Bei der Aufstellung und Vereinbarung von Zahlungsplänen muss der Auftragnehmer darauf achten, dass die vorgesehenen Raten auch anteilig abgerechnet werden können, etwa Bauteilweise oder Etagenweise oder nach Schätzung des anteiligen Leistungsstandes. Andernfalls läuft der Auftragnehmer das Risiko, dass erst nach (nahezu) vollständiger Fertigstellung des betreffenden Leistungsteils eine Abrechnung erfolgen kann, was erhebliche Liquiditätsnachteile mit sich bringt.

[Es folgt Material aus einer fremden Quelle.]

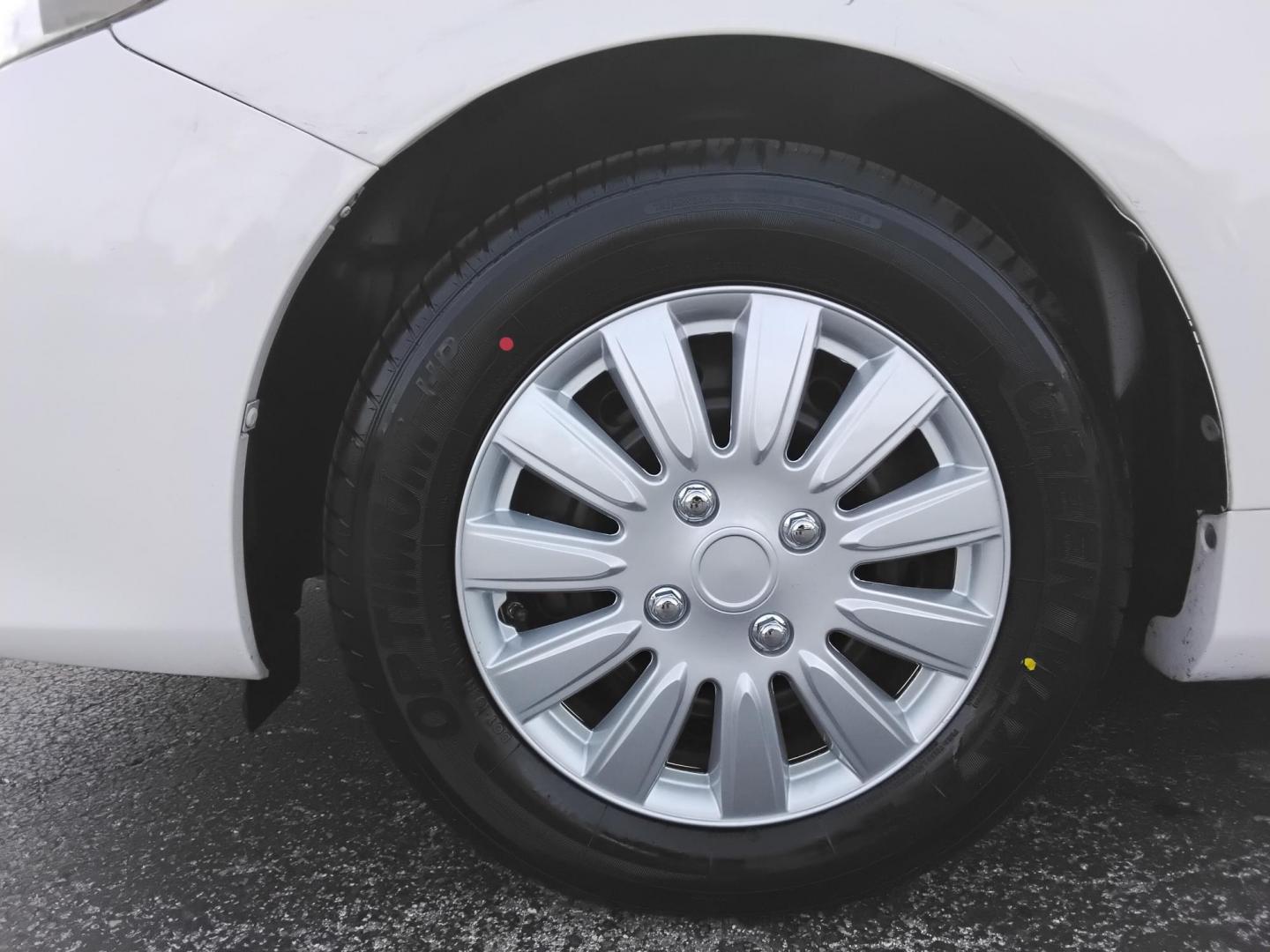 2013 White /Beige Toyota Corolla LE 4-Speed AT (5YFBU4EE0DP) with an 1.8L L4 DOHC 16V engine, 4-Speed Automatic transmission, located at 6112 N Florida Avenue, Tampa, FL, 33604, (888) 521-5131, 27.954929, -82.459534 - $499 DOWN PLUS TAX & TAG. - Photo#9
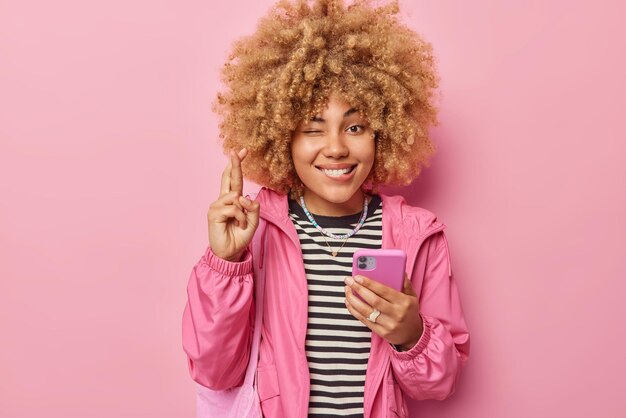 Hermosa mujer de pelo rizado esperanzada sostiene el teléfono móvil mantiene los dedos cruzados cree en la buena suerte guiña los ojos vestida con una chaqueta informal aislada sobre fondo rosa Que mis sueños se hagan realidad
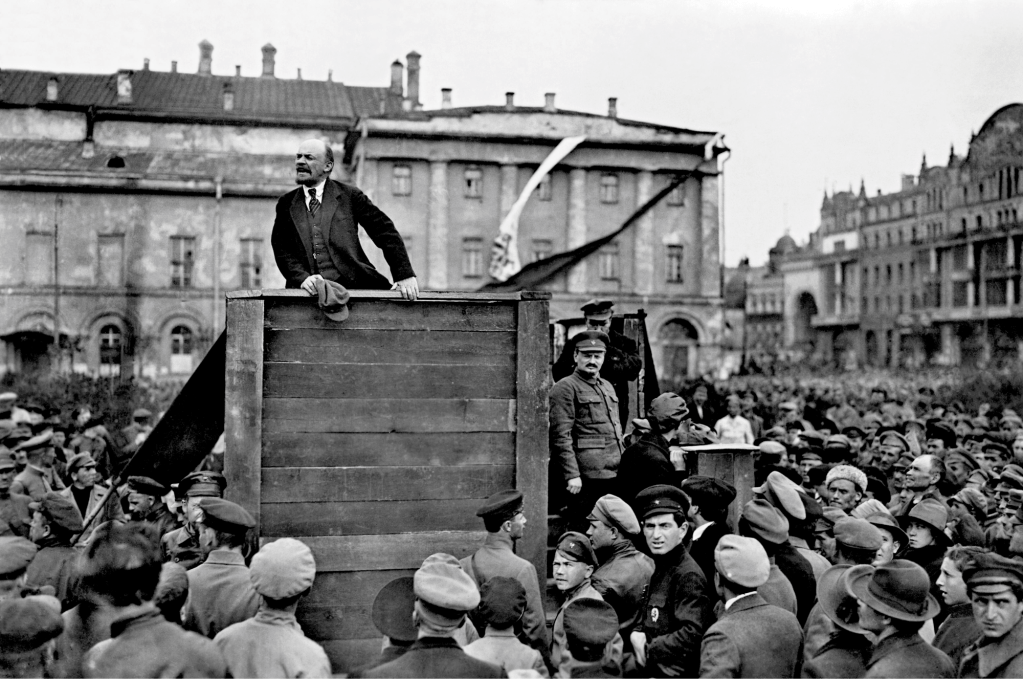 A historical black and white image of Vladimir Lenin speaking from a wooden platform in front of a large crowd during a revolutionary event.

Auch Auftraggebern können wir solche Zahlungspläne nicht empfehlen, weil das erfahrungsgemäß zu Streit mit dem Auftragnehmer führt, der weitaus stärker in die Vorleistung gehen muss, als das bei einer normalen Abrechnung nach Baufortschritt der Fall wäre. Soweit der Zahlungsplan vom Auftraggeber vorgegeben wird, kommt auch infrage, dass der Zahlungsplan als Allgemeine Geschäftsbedingung wegen unangemessener Benachteiligung des Auftragnehmers unwirksam ist (BGH, Urteil vom 10.10.1991 – VII ZR 289/90 für den Fall eines vom Auftragnehmer vorgegebenen Zahlungsplanes, der höhere Zahlungen als nach Baufortschritt vorsah). Hierüber musste das OLG Karlsruhe im beschriebenen Fall nicht entscheiden, weil der Zahlungsplan vom Generalunternehmer selbst aufgestellt worden war.